In another aspect, a container handling system for applying closures to containers includes a container feed line and a capping station for receiving containers from the container feed line and applying closures thereto. The capping station includes a capping head configured to provide torque during closure application. A container holder includes a container engaging surface. A vacuum system is connected to the container holder that draws the container against the container engaging surface. The container engaging surface and vacuum system cooperate to inhibit rotation of the container during the closure application.
BRIEF DESCRIPTION OF THE DRAWINGS
FIG. 1 illustrates an embodiment of a container closure system;
FIG. 2 is an angled view of a container holder shown holding a container;
FIG. 3 is a side view and force diagram of a container holder shown holding a container;
FIGS. 4a-4e are different views of components of a vacuum plate that acts as a container holder;
FIG. 5 is an embodiment of a container holder including a set of container guides;
FIGS. 6 and 7 show an embodiment of a container holder utilizing side suction;
FIG. 8 illustrates an exemplary pneumatic schematic;
FIG. 9 illustrates an embodiment of a closure applying system; and
FIGS. 10 and 11 illustrate an embodiment of a closure applying system.

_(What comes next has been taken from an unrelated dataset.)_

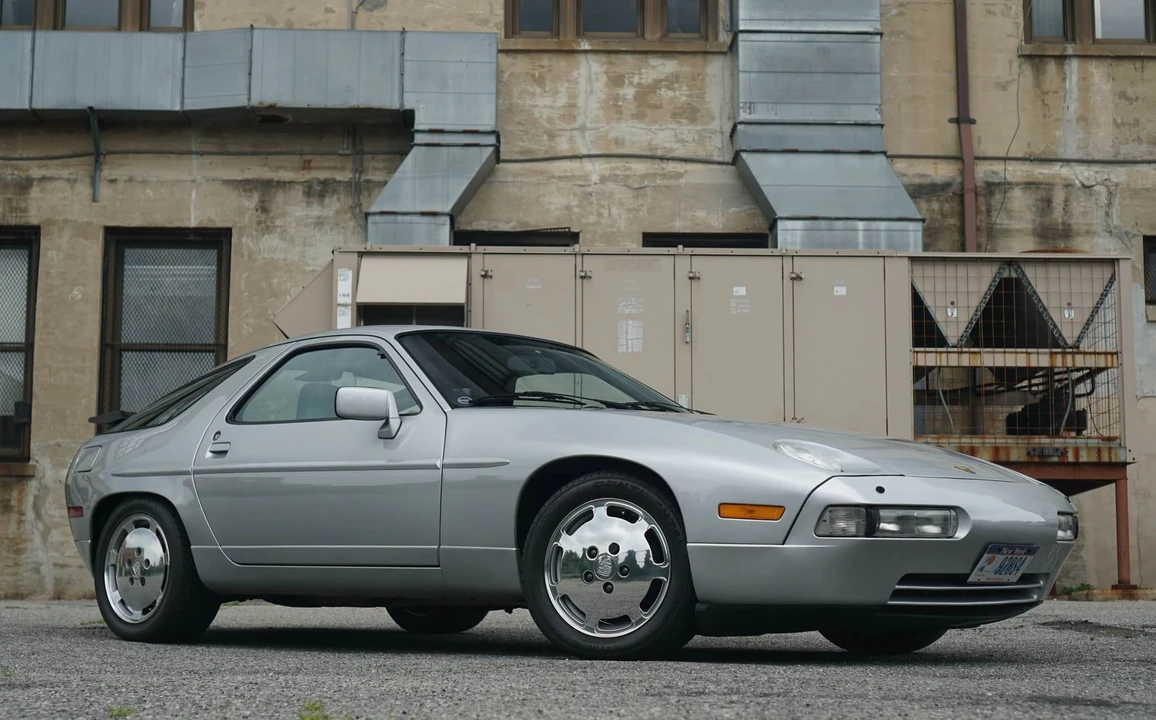 1988 Porsche 928 S4 - Image 16 of 31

FIG. 1 shows a container closure system according to one embodiment. Open containers approach a capping station 60 on an infeed conveyer 70 which uses an infeed screw 72. Each open container moves from the infeed conveyer 70 to an infeed starwheel 74 and then onto a container holder 10 of a closure applying station. In this embodiment, the container holder takes the form of a vacuum plate assembly, but additional positioning and holding structure may also be provided. As a capper head 62 screws a closure onto the container, the vacuum plate assembly holds the container in place. The closed container exits the capping station 60 via a discharge starwheel 84 onto a discharge conveyer 80. Multiple container holders and corresponding capper heads may be provided as shown, with the components rotating together around a central axis of the capping station during closure application. Other closure system configurations are also contemplated, including tangential infeed systems with no infeed starwheel, and single head cappers with intermittent infeed or manual infeed.

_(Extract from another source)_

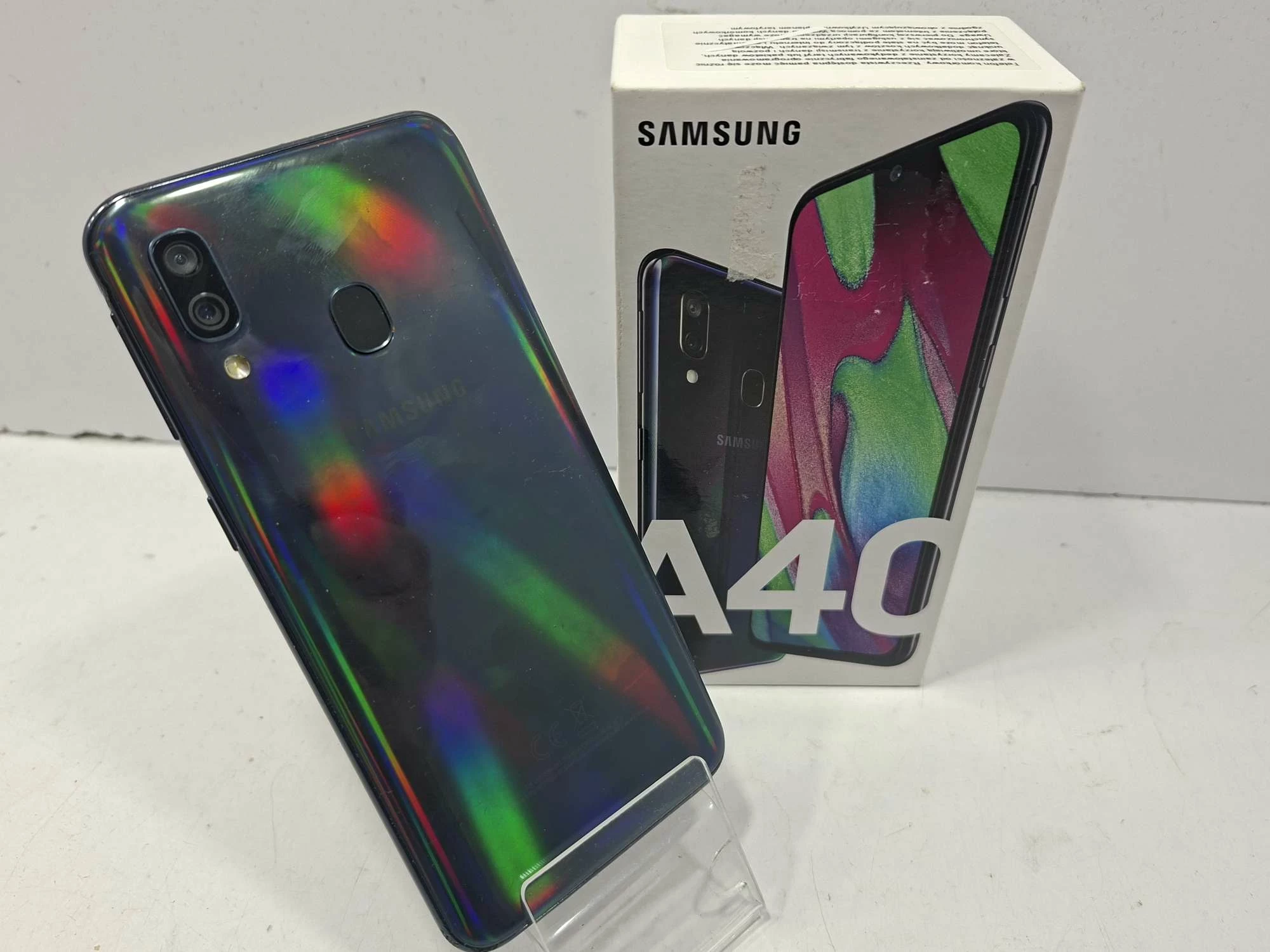 telefon-samsung-a40-stan-11323-2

Referring to FIG. 2, an exemplary container holder 10 is shown including a resilient ring 12 and a central opening 14. The resilient ring 12 is set in a solid surface 18, which is preferably a rigid material that is part of the container conveyance system. An edge 22 of the bottom surface of the container 20 surrounds the opening 14 and seats against the top of the ring 12. Air is drawn through the opening 14 to create a force that will pull the container downward toward the resilient ring 12.
FIG. 3 shows a side view partial cross-section of a container holder. As air is drawn through the opening 14 in the direction of arrow 40, the pressure gradient results in a downward force on the container 20 that pulls the container into more aggressive contact with the resilient ring 12, increasing the force of the container 20 loading the ring 12, and yielding higher frictional force resisting rotation thereby increasing the system's ability to resist sliding rotational movement of the container 20 relative to the holder 10.

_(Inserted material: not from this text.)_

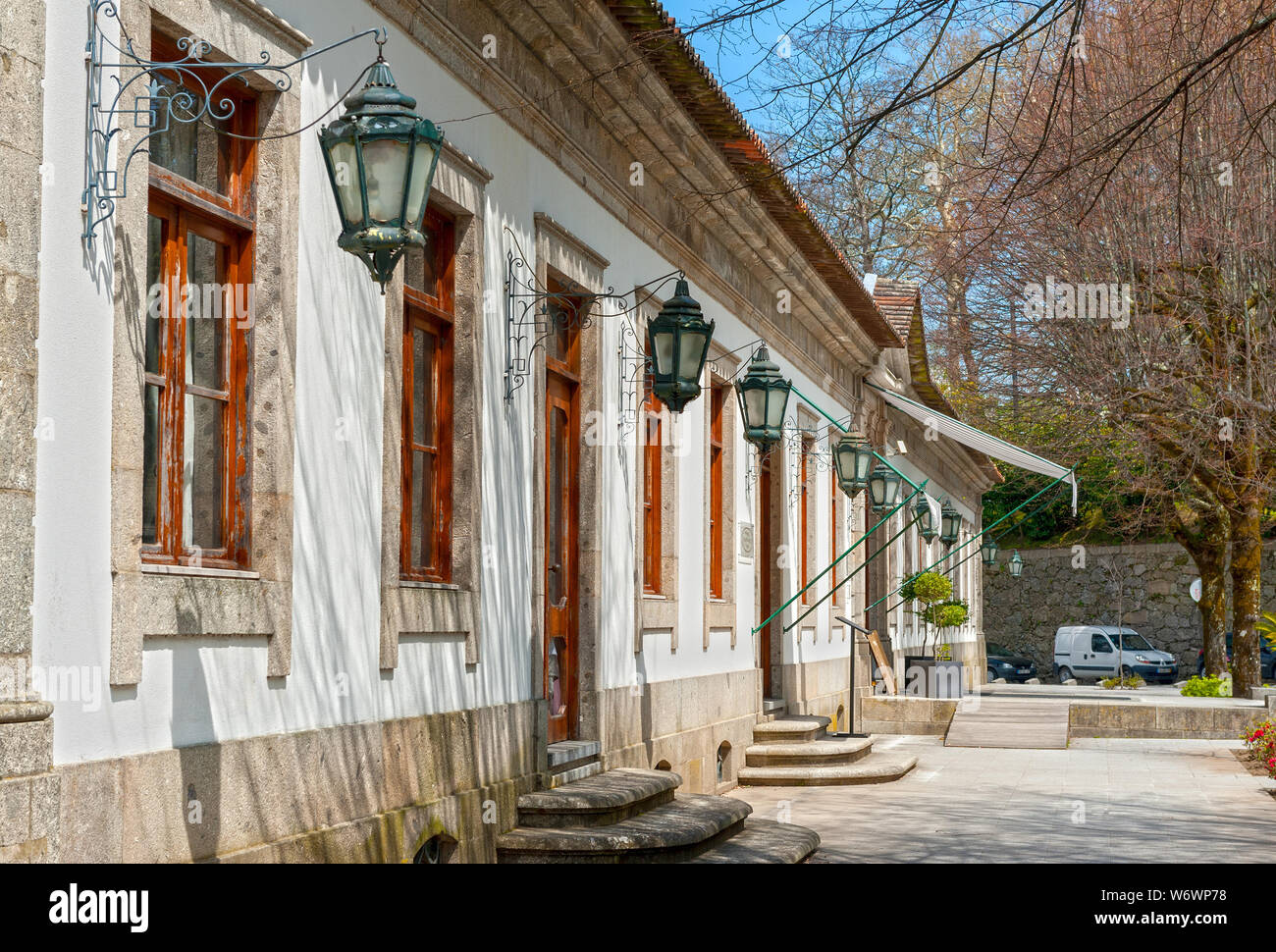 There are 2,500 ladies fashion retailers in and around Rua Jose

As the closure 30 contacts the container 20, the capping head 62 (FIG. 1) exerts a rotational torque 42 on the closure 30, which is also exerted on the container 20 in contact with the closure 30. The torque 42 causes a force of friction 44 at the contact surface of the container 20 and the resilient ring 12. The force of friction 44 is rotationally in the opposite direction from the torque 42. Frictional torque 44 opposes torque 42, resisting the rotation of the container. As the closure 30 moves clockwise while the container 20 does not, the closure 30 is applied and the container 20 is closed. A vacuum source 41 may be used to draw air through the opening 14.
A container holder which pulls a container downward by communication with the container bottom may be configured as shown in FIGS. 4a-4e. FIGS. 4a-4c show a stainless steel vacuum plate 2 which includes an annular depression 8 shaped to hold the rubber disk 12 shown in 4d and 4e. The annular depression 8 forms a volume that is bounded by an annular wall 11 spaced radially from a boss 13 in a center of the volume. Air is drawn through a vacuum outlet hole 14 which communicates with a vacuum pump (not shown). The vacuum outlet hole 14 extends through the boss 13 and is in communication with an interior vacuum passage 5 which in turn connects to an opening 4. A set of cross-wise grooves 7 are cut into the surface of the boss 13 surrounding the opening 14 to help assure communication of the area beneath the container with the vacuum passage 5. As air is drawn through the vacuum outlet hole 4, air is drawn through the opening 4, creating suction at the opening 14 to pull a container against the rubber disk 12.
FIG. 5 shows another embodiment of a container holder 10 using a vacuum plate 2. Here, the container 20 is bracketed by a set of container guides 9. The container guides 9 may be capable of movement (e.g., through the use of actuators) horizontally toward and away from each other to receive, hold and release the container 20. Vacuum reaches the bottom of the container 20 through an interior vacuum passage that communicates with a vacuum pump through vacuum outlet hole 4, as above. Container guides 9 may exert additional friction on the container 20, or may simply be used to assure that the container 20 is properly positioned.
FIGS. 6 and 7 show an embodiment of a container holder 10 where the opening 14 communicates with the side of the container rather than the bottom. Referring to FIG. 6, a bracket 50 is shaped to conform substantially to the side surface 24 of the container 20. Air is drawn through opening 14, which draws the container 20 in the direction of arrow 40. Referring to FIG. 7, the surface of the bracket around opening 14 may include a pad of resilient material 13. The horizontal force that draws container 20 against resilient pad 13 increases the force of the container loading the pad, thereby increasing the system's ability to resist sliding movement of the container 20 relative to the holder 10.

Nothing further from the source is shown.